The scent of darkroom chemicals has been with me since childhood, largely because my photographer father did much of his processing in our basement. He was – and remains – a particularly useful dad, because his hand-me-down Pentax Spotmatics were a perfect complement to my infatuation with motor racing… In 1976 I began taking motorsport pictures and two years later entered a Pentax competition that was linked to its sponsorship of a BMW in the British Saloon Car Championship. First prize was a BMW 316, but I was one of six runners-up and walked away with a K1000 and several lenses. More than 20 years later my parents let a painful secret slip: I had originally been chosen as the winner, but Pentax didn’t want the main prize to go to somebody without a driving licence. I was 17 at the time and failed my test about two weeks before the presentation, having crossed my hands on the steering wheel at a tricky right turn in Sale town centre. My mum duly informed Pentax of as much, so the car went elsewhere and I was none the wiser. And besides, I was much safer with a K1000 than I was with 90bhp. That camera became a constant companion. In 1982 I began working professionally as a motorsport journalist and continued to take pictures wherever I went, but trying to do both things felt increasingly like a compromise and eventually I took a conscious decision to put my camera down. For the next 25 years I travelled all over the world and recorded almost nothing… I began to realise the scale of this missed opportunity when I started to digitise some bygone snaps – and that triggered a visit to a local camera shop.
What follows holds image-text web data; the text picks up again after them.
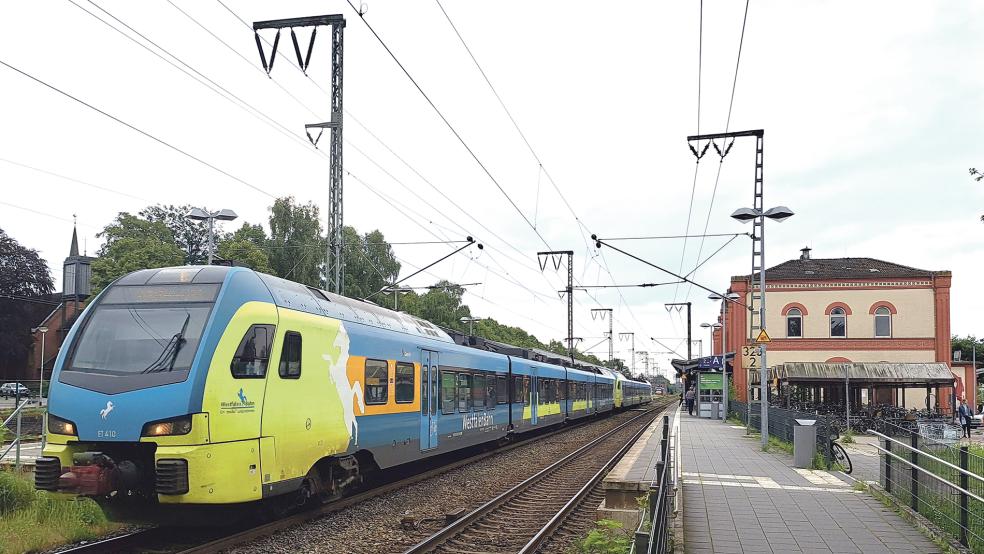 Durch Ausbaumaßnahmen auf der Bahnstrecke sollen Züge zukünftig im Halbstundentakt zwischen Bremen und Leer (Foto) verkehren können.  © Foto: Szyska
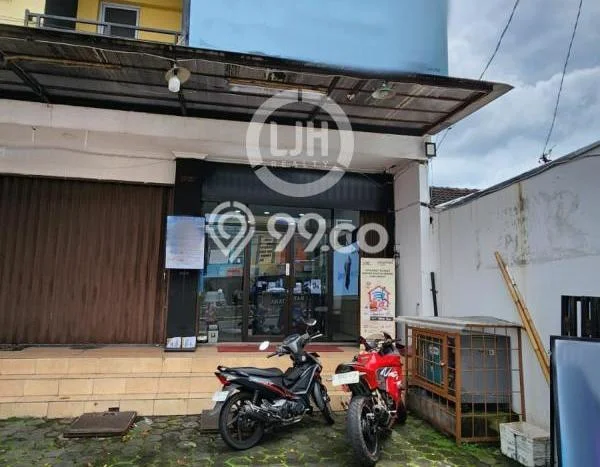 Ruko bagus disewakan di Banyumanik Semarang dengan LB 69m2 harga sewa terbaik Ruko bagus disewakan di Banyumanik Semarang dengan LB 69m2 harga sewa terbaik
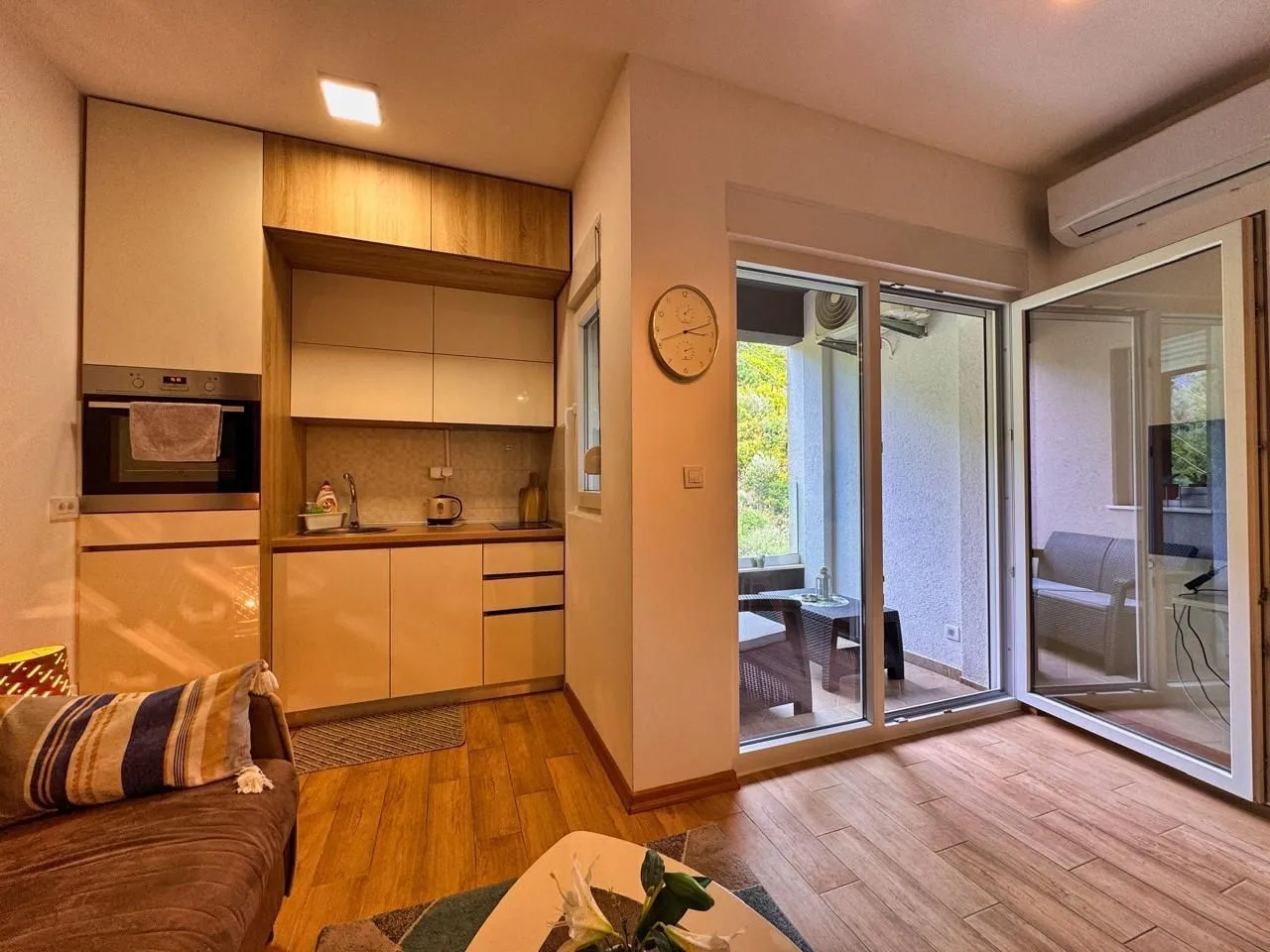 Sale, studio apartment, 29m², Budva, Crna Gora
When I asked about the best combination of quality and value in a modern DSLR, the response was immediate: Pentax. Five minutes later I walked out with some reassuringly familiar new toys. Words are my trade, photographs my passion.
Camera Bag
Sigma 10-20mm f4-5.6; Tamron 18-250mm f3.5-6.3; Tamron 70-300mm f4-5.6 macro; Tamron 90mm f2.8 macro; Sigma 100-300mm f4; Sigma 150-500mm f5-6.3; Sigma 1.4 TC.